▶ _Directions for this task_:
An exact copy of every record below is what's needed here.

▶ _Records for this exercise_:

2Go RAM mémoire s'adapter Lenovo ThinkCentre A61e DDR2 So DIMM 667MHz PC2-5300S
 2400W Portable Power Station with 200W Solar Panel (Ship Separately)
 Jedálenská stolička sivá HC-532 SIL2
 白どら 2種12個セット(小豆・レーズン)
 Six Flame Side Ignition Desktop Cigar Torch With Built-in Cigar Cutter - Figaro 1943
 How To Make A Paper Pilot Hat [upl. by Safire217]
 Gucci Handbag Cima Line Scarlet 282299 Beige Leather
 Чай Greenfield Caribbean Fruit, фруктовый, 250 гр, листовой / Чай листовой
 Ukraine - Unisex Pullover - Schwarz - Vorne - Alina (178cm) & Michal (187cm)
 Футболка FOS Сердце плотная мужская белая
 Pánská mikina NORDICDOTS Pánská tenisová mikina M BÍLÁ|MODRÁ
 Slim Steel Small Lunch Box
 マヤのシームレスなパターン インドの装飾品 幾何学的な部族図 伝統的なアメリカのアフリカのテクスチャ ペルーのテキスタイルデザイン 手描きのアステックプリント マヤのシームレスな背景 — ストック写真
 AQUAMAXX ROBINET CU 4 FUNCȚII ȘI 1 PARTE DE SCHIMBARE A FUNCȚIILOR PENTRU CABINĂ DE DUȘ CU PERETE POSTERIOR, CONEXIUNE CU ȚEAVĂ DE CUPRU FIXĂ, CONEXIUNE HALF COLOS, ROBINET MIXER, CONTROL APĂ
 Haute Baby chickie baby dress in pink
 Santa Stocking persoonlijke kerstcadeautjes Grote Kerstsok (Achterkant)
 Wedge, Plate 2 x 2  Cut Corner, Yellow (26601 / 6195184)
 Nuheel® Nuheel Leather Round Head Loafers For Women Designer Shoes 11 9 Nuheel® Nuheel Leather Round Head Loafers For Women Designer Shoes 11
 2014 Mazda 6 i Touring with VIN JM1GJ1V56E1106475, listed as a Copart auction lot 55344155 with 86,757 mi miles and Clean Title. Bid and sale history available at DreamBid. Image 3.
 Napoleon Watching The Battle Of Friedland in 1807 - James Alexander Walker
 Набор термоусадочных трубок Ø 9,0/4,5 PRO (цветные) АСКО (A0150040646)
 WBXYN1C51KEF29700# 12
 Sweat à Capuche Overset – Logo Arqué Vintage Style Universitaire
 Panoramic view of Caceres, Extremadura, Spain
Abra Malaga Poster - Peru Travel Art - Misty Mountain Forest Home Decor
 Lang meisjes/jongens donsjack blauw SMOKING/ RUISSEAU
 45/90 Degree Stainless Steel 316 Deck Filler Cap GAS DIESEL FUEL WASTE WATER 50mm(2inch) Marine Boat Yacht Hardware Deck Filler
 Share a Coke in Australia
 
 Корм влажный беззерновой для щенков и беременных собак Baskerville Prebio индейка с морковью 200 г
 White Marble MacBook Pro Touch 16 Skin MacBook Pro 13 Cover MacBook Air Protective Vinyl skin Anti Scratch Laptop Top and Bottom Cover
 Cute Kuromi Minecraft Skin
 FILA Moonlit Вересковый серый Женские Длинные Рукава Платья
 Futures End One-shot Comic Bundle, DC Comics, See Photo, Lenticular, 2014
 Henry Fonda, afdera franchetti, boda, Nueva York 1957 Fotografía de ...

▶ _Answer to this problem_:
2Go RAM mémoire s'adapter Lenovo ThinkCentre A61e DDR2 So DIMM 667MHz PC2-5300S
 2400W Portable Power Station with 200W Solar Panel (Ship Separately)
 Jedálenská stolička sivá HC-532 SIL2
 白どら 2種12個セット(小豆・レーズン)
 Six Flame Side Ignition Desktop Cigar Torch With Built-in Cigar Cutter - Figaro 1943
 How To Make A Paper Pilot Hat [upl. by Safire217]
 Gucci Handbag Cima Line Scarlet 282299 Beige Leather
 Чай Greenfield Caribbean Fruit, фруктовый, 250 гр, листовой / Чай листовой
 Ukraine - Unisex Pullover - Schwarz - Vorne - Alina (178cm) & Michal (187cm)
 Футболка FOS Сердце плотная мужская белая
 Pánská mikina NORDICDOTS Pánská tenisová mikina M BÍLÁ|MODRÁ
 Slim Steel Small Lunch Box
 マヤのシームレスなパターン インドの装飾品 幾何学的な部族図 伝統的なアメリカのアフリカのテクスチャ ペルーのテキスタイルデザイン 手描きのアステックプリント マヤのシームレスな背景 — ストック写真
 AQUAMAXX ROBINET CU 4 FUNCȚII ȘI 1 PARTE DE SCHIMBARE A FUNCȚIILOR PENTRU CABINĂ DE DUȘ CU PERETE POSTERIOR, CONEXIUNE CU ȚEAVĂ DE CUPRU FIXĂ, CONEXIUNE HALF COLOS, ROBINET MIXER, CONTROL APĂ
 Haute Baby chickie baby dress in pink
 Santa Stocking persoonlijke kerstcadeautjes Grote Kerstsok (Achterkant)
 Wedge, Plate 2 x 2  Cut Corner, Yellow (26601 / 6195184)
 Nuheel® Nuheel Leather Round Head Loafers For Women Designer Shoes 11 9 Nuheel® Nuheel Leather Round Head Loafers For Women Designer Shoes 11
 2014 Mazda 6 i Touring with VIN JM1GJ1V56E1106475, listed as a Copart auction lot 55344155 with 86,757 mi miles and Clean Title. Bid and sale history available at DreamBid. Image 3.
 Napoleon Watching The Battle Of Friedland in 1807 - James Alexander Walker
 Набор термоусадочных трубок Ø 9,0/4,5 PRO (цветные) АСКО (A0150040646)
 WBXYN1C51KEF29700# 12
 Sweat à Capuche Overset – Logo Arqué Vintage Style Universitaire
 Panoramic view of Caceres, Extremadura, Spain
Abra Malaga Poster - Peru Travel Art - Misty Mountain Forest Home Decor
 Lang meisjes/jongens donsjack blauw SMOKING/ RUISSEAU
 45/90 Degree Stainless Steel 316 Deck Filler Cap GAS DIESEL FUEL WASTE WATER 50mm(2inch) Marine Boat Yacht Hardware Deck Filler
 Share a Coke in Australia
 
 Корм влажный беззерновой для щенков и беременных собак Baskerville Prebio индейка с морковью 200 г
 White Marble MacBook Pro Touch 16 Skin MacBook Pro 13 Cover MacBook Air Protective Vinyl skin Anti Scratch Laptop Top and Bottom Cover
 Cute Kuromi Minecraft Skin
 FILA Moonlit Вересковый серый Женские Длинные Рукава Платья
 Futures End One-shot Comic Bundle, DC Comics, See Photo, Lenticular, 2014
 Henry Fonda, afdera franchetti, boda, Nueva York 1957 Fotografía de ...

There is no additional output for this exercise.